Friday, February 17, 2006

SPL[3]

SocioPoli-Logics[3]:

  1. Have you ever wondered how a neutral country played its role during wars?
  2. Have you ever thought of how an individual can be between two sides disagreements or agreements?
Here is an interesting logic, which can be confusing to some, or can be hard to judge:

Let's assume there are three individuals or countries, [a], [b], and [c]:

Characters:
- [a]: Peaceful, not aggressive and believes in [z]ideology.
- [b]: inflexible, unreliable or eccentric, and believes in nothing or in "[z]or[v]"
- [c] Peaceful, not aggressive and believes in [v]ideology.

Situations:
- [a]&[c]: can be friends or living in peace Although they have different ideologies[v][z].
- [a]&[c]: can be at disagreement or war due to their ideological differences.

- [b] is in between the other two for it doesn't believe in anything specific or nothing at all. Therefore, [b] can be judged as having two characters; one is as a Peace Maker, another as a Hypocrite.

Q:When Can [b] be A hypocrite or A Peace Maker?

1- [b] is judged as Hypocrite when [b] and "[a]or[c]" are at disagreement or war
In summary: Your enemy's friend is your enemy or just a hypocrite.

2- [b] is judged as Peace Maker when [c] and [a] at disagreement or war.
In summary:
A friend of two enemies is a peace maker.

3- [b] can rarely be totally neutral when [c]&[a] at war.
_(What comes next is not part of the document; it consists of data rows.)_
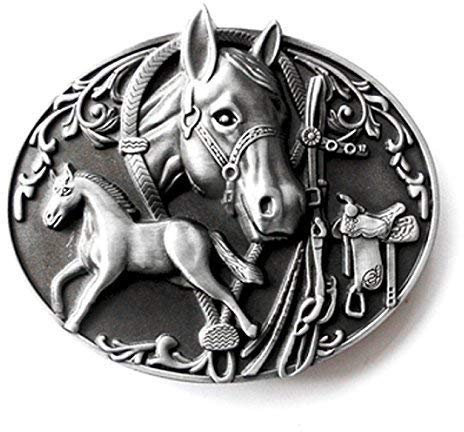 Piratenladen Western Buckle Horse with foal Rodeo - Buckle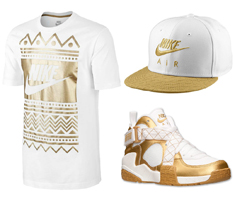 Nike Air Raid Metallic Gold Shoes Clothing Shirts Hat | SportFits.com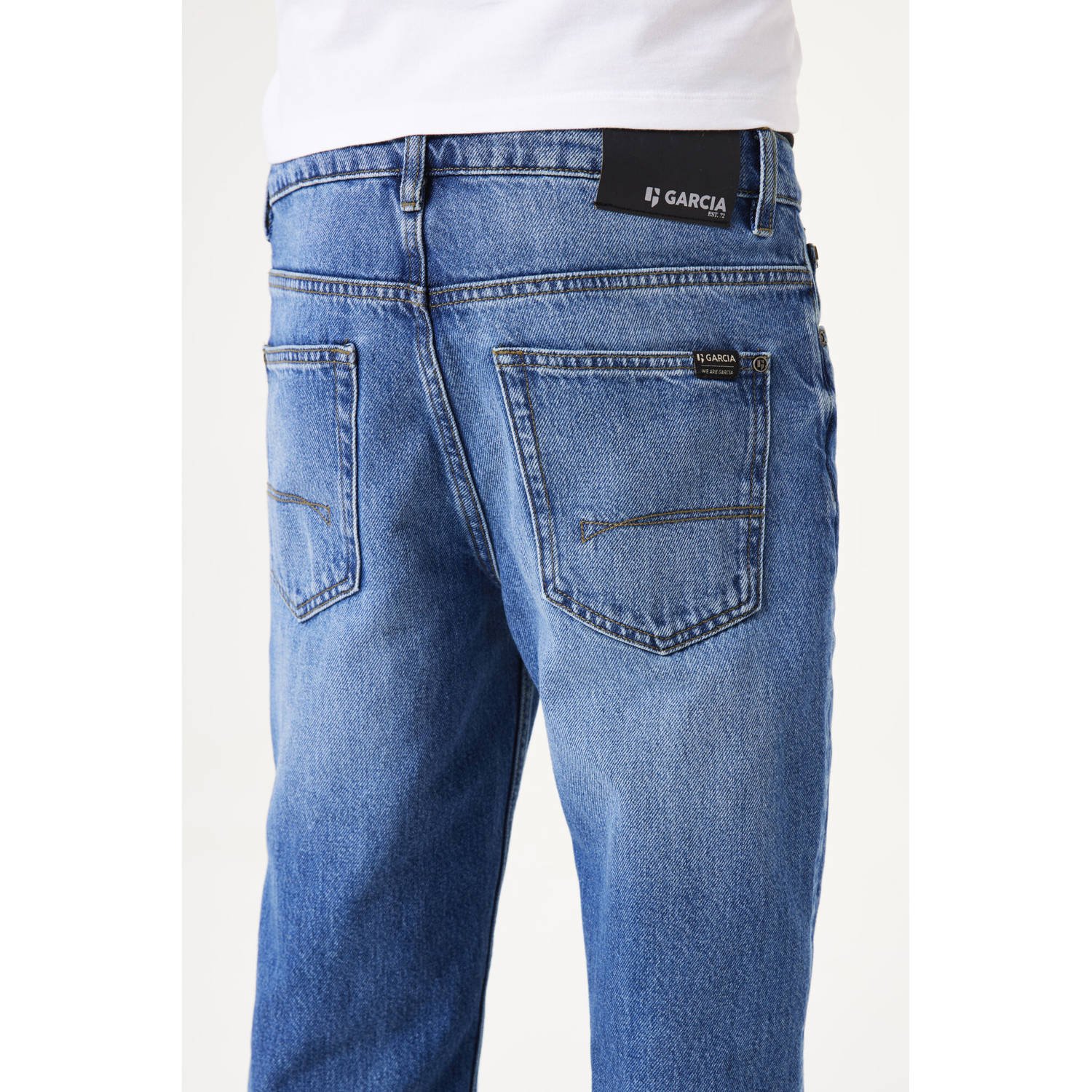 Garcia straight leg jeans medium blue denim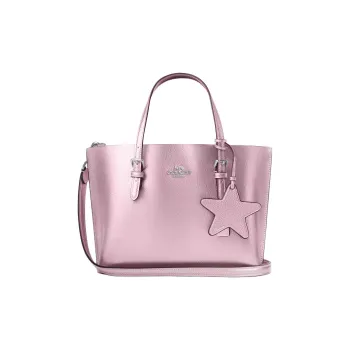 COACH Leather Tote Bag Shopping Bag Shoulder Bag Crossbody Bag Handbag Medium Size Women's Pink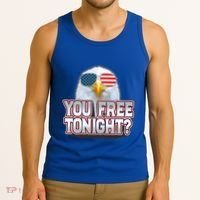 Fourth 4th Of July Bald Eagle You Free Tonight Funny Gift Tank Top thumb 3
Note: [z] and [v] can be ,for example, Capitalism and Communism.

Previous SLP[2]

I hope this is not confusing, plus it's simple.

3 comments:

Anonymous said...

Were's [f] hmmmmmmm

. said...

[f] is not included, Offtopic, plus me not into Feminism [f].

. said...

lol Obscured, u made it look so hard to understand =( lol. hehe funny. too much CNNNNN haa!